A titre d’exemple, une tyrolienne de 20 m qui ne fléchit que de 50 cm au milieu sous une charge de 100 DaN va subir une tension approximativement de 1000 DaN, ce qui, au niveau des nœuds se rapproche dangereusement de la limite de rupture surtout si la corde est quelque peu âgée et/ou « fatiguée ».
100 DaN c’est vite fait avec un corps de 80 + équipement sur soi + sac plein !
La même corde, un peu moins tendue et fléchissant de 1 m, n’encaissera plus que la moitié de cette force (environ)…ce qui est plutôt rassurant !
Donc, pour résumer, plus on tend la corde porteuse, plus la flèche sera faible, plus les efforts infligés aux amarrages et à la corde elle-même seront importants, voire trop importants. Il y a intérêt à limiter la tension nominale au minimum nécessité par l’évitement et/ou le guidage voulus quitte à devoir développer quelques efforts musculaires supplémentaires.
 
Il est recommandable d’assurer la poulie qu’on installe car le plus souvent elle sera irrécupérable si lâchée par inadvertance. 

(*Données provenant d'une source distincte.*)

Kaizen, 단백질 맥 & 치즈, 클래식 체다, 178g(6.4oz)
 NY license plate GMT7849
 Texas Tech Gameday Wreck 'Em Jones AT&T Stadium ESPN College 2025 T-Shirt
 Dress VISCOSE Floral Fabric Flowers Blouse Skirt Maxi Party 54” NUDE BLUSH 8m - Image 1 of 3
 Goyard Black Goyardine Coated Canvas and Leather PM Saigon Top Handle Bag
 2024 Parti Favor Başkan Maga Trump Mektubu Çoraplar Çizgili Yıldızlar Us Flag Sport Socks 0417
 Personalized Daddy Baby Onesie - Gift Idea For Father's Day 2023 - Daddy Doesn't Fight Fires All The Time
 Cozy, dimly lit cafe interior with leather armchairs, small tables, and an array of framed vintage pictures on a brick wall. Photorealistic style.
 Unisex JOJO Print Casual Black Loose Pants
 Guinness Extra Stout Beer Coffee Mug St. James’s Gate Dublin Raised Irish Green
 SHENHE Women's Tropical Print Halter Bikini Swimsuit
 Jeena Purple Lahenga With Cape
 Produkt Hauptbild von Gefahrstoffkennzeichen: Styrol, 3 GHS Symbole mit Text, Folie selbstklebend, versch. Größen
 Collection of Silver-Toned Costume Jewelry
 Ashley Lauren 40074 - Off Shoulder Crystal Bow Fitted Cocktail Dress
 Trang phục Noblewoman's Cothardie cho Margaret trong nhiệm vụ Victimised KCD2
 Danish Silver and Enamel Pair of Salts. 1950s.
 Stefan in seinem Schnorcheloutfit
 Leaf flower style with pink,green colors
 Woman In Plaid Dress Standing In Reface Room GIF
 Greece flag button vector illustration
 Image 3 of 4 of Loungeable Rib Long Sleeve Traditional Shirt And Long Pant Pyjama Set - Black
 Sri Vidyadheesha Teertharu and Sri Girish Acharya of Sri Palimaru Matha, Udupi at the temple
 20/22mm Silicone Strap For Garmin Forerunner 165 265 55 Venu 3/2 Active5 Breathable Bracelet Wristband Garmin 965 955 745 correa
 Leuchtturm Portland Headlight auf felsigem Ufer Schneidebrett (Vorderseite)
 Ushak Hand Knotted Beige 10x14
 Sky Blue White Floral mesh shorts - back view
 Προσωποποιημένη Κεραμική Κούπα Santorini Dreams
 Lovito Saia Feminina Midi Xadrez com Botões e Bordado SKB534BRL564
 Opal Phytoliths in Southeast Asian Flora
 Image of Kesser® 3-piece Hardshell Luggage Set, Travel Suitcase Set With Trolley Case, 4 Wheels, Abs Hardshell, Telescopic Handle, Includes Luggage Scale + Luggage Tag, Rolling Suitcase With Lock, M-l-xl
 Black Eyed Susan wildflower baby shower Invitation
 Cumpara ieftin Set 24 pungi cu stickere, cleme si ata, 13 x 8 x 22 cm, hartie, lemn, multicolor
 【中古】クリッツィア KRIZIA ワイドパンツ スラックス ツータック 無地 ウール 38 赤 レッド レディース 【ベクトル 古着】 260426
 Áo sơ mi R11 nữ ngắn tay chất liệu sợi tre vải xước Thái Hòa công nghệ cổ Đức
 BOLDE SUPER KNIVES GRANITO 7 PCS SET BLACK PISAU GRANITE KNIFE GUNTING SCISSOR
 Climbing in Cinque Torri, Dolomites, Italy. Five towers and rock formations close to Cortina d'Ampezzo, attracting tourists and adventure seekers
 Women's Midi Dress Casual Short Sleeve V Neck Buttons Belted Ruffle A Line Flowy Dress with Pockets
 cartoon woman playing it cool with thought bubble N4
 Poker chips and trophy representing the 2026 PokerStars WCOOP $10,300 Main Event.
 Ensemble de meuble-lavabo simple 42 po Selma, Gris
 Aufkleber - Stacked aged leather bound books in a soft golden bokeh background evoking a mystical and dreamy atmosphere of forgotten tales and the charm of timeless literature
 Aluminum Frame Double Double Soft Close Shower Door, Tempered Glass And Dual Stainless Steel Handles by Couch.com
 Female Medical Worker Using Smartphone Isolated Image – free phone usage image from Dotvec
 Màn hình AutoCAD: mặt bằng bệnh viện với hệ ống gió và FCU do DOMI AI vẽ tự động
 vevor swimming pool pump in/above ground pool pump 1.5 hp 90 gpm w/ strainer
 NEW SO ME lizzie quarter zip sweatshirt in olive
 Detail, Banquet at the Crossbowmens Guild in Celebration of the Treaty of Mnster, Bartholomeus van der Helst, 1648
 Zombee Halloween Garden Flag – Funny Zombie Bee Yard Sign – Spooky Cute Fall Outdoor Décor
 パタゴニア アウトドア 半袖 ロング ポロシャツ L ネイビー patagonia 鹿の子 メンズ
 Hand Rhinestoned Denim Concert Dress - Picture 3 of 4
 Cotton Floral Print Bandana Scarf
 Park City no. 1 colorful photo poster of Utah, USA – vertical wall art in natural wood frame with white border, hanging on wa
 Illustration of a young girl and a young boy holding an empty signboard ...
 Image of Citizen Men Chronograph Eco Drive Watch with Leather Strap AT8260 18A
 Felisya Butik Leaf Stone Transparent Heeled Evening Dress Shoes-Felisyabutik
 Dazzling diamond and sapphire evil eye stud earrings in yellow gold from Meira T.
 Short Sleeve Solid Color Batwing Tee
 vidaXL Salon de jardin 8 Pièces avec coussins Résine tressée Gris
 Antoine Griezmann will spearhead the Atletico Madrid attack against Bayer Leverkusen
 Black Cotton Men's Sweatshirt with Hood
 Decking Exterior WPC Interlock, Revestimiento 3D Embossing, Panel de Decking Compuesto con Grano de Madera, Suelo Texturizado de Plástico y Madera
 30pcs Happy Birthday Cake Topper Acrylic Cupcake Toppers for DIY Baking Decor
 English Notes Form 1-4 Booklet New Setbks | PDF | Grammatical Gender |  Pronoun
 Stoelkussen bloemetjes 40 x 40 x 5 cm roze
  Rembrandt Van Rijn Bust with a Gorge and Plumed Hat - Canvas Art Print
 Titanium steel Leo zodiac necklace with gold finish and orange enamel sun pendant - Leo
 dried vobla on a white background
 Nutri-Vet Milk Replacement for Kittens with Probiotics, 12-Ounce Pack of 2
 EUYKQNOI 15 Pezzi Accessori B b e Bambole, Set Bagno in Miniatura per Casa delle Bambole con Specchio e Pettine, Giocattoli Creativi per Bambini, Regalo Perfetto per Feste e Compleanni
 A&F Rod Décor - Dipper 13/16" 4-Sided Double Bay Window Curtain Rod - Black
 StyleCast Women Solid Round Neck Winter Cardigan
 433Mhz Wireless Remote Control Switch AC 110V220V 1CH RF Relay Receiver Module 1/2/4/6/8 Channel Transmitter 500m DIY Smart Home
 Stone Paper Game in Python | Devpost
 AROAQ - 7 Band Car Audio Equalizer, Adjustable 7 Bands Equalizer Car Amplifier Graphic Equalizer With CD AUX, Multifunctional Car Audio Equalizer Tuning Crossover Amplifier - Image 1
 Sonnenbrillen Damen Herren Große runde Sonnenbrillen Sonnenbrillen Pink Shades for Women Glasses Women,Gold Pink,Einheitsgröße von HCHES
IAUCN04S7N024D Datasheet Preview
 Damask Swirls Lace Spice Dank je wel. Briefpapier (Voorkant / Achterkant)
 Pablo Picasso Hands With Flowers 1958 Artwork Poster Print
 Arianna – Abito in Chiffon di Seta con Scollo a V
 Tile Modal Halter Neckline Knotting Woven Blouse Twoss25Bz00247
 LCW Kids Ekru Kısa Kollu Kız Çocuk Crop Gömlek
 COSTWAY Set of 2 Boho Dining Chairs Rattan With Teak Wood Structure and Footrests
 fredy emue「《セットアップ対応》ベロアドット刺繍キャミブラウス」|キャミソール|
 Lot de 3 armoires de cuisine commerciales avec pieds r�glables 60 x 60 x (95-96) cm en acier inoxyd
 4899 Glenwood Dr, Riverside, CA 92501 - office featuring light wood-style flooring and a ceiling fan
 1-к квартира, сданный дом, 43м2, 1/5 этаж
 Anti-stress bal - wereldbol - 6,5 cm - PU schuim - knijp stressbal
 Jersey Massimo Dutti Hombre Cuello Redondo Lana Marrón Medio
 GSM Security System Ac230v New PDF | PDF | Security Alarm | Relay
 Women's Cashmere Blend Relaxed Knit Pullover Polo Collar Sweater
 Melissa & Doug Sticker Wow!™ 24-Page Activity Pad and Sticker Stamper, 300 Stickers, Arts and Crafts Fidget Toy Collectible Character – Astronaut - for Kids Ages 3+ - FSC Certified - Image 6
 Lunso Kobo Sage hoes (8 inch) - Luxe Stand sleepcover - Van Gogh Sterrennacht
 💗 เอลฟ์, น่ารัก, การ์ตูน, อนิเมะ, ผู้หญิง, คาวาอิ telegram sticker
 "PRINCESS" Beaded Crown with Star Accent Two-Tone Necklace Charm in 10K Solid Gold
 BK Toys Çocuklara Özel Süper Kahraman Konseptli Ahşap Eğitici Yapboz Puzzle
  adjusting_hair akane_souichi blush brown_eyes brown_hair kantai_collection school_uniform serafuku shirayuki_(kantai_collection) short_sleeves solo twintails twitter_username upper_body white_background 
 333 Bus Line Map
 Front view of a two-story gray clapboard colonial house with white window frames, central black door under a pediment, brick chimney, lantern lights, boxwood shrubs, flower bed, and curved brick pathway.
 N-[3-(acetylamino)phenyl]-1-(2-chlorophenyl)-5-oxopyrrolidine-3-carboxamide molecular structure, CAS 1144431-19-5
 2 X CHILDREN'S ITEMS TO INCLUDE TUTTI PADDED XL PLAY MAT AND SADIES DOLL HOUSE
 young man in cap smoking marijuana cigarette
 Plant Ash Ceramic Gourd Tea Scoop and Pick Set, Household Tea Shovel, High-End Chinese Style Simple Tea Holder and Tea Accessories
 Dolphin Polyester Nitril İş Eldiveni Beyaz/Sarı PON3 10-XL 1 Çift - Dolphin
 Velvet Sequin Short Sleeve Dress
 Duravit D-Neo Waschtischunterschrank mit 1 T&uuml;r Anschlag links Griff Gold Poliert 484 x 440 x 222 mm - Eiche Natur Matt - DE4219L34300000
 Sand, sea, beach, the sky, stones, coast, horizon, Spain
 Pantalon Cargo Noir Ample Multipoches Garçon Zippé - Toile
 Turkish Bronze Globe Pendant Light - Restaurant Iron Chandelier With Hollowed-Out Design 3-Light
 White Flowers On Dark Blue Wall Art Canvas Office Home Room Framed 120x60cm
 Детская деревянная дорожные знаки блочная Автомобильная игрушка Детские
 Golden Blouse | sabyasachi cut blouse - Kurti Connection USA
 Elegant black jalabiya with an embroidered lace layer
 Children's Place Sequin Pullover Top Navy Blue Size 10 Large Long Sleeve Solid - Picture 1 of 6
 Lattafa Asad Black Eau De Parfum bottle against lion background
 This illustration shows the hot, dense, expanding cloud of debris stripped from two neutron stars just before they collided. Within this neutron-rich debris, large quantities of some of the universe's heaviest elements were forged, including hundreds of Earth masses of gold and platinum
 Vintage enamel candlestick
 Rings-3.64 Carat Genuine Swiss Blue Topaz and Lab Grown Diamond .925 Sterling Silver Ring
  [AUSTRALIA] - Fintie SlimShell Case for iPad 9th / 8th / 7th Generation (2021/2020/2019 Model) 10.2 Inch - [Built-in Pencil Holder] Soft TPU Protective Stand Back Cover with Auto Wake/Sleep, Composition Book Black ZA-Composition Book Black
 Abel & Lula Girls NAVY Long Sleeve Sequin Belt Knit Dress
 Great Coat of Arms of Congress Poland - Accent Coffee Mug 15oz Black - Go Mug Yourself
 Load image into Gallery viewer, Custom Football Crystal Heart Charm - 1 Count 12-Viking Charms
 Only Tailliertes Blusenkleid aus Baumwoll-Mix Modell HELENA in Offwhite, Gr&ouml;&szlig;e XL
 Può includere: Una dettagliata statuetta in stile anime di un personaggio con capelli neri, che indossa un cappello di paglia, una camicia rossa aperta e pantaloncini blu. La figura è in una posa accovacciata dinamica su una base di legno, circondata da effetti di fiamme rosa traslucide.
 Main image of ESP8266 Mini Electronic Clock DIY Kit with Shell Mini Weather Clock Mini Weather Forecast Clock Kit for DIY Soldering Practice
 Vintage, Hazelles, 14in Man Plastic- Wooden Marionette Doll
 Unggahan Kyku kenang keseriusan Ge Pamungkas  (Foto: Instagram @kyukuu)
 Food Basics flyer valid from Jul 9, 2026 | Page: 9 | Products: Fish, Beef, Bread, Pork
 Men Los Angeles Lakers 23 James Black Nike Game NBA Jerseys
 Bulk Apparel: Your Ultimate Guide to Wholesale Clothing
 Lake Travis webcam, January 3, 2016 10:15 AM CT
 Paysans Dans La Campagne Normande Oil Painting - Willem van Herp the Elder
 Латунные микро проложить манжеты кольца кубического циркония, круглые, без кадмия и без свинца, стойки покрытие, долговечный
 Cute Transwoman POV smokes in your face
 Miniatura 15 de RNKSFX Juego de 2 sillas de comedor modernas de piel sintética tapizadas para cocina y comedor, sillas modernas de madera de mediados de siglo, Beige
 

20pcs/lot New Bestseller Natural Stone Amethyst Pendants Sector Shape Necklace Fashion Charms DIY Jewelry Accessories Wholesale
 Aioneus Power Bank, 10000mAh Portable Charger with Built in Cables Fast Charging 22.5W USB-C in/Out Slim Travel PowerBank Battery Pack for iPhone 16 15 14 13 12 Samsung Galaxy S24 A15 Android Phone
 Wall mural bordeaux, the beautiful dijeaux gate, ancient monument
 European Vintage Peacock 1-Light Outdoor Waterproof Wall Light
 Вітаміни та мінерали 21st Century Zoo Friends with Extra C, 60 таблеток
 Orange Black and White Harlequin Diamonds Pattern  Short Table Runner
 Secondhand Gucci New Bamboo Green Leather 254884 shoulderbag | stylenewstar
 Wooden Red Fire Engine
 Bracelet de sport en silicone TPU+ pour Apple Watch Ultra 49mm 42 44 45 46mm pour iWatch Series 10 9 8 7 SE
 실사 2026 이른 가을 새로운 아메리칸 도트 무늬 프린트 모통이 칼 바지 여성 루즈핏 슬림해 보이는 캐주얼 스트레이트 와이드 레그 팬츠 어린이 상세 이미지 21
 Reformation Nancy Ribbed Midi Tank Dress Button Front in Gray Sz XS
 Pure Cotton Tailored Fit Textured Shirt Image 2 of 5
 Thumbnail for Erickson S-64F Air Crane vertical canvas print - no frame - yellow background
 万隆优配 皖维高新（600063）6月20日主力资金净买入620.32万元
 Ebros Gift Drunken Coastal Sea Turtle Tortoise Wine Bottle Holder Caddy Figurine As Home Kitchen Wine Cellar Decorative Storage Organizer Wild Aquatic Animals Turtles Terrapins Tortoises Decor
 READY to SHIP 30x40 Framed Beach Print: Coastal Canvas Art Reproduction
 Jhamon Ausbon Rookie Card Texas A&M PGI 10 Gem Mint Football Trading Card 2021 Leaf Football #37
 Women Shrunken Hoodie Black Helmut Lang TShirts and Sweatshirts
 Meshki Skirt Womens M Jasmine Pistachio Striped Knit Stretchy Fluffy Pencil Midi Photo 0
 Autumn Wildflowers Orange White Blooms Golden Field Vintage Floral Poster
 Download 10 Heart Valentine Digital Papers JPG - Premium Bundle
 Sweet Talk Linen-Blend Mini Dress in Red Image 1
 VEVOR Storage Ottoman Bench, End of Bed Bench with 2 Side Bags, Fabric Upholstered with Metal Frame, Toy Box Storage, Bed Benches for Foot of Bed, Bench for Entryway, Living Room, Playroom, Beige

L’assurer vraiment suppose de poser une longe ou une sangle sur la corde support AVANT de mettre la poulie, et de ne manœuvrer celle-ci qu’assurée soit par une dragonne permanente si elle existe, soit par une longe provisoire. Cette double précaution évitera la perte pure et dure au départ, ou la perte relative si la poulie descend la tyrolienne seule.
Descendre sans poulie, sur mousqueton, présente l’inconvénient de frottements durs, mauvais pour la corde et pour le mousqueton s’il est en alliage d’aluminium.
Remonter sans poulie, sur mousqueton, ajoute encore aux ennuis précédents une grosse perte d’énergie.
 
Comme recommandé, justement parce que les efforts de tension de corde sont considérables, les tyroliennes doivent être très solidement ancrées, soit en triplant les amarrages avec répartiteur de charge, soit en utilisant un amarrage irréprochable par essence.
Par ailleurs pour les tyroliennes sub-horizontales, en forte tension et/ou en cordes de moins de 10 ou 11 mm, ou encore un peu fatiguées, on rappelle aussi qu’il est recommandé d’avoir une seconde corde qui double le passage, peu tendue.
En cas de rupture de la corde de support, la seconde récupérerait l’affaire  !
De même ceci peut s’avérer salutaire si un sauveteur devait intervenir, doublant alors le poids soutenu…
La corde de régulation ne peut remplir ce rôle que partiellement car détendue pour pouvoir installer un descendeur…donc beaucoup de »mou », et s’il n’y a pas un grand vide avant un obstacle potentiel, le choc resterait probablement entier ou encore violent, avec un méchant mouvement pendulaire !!!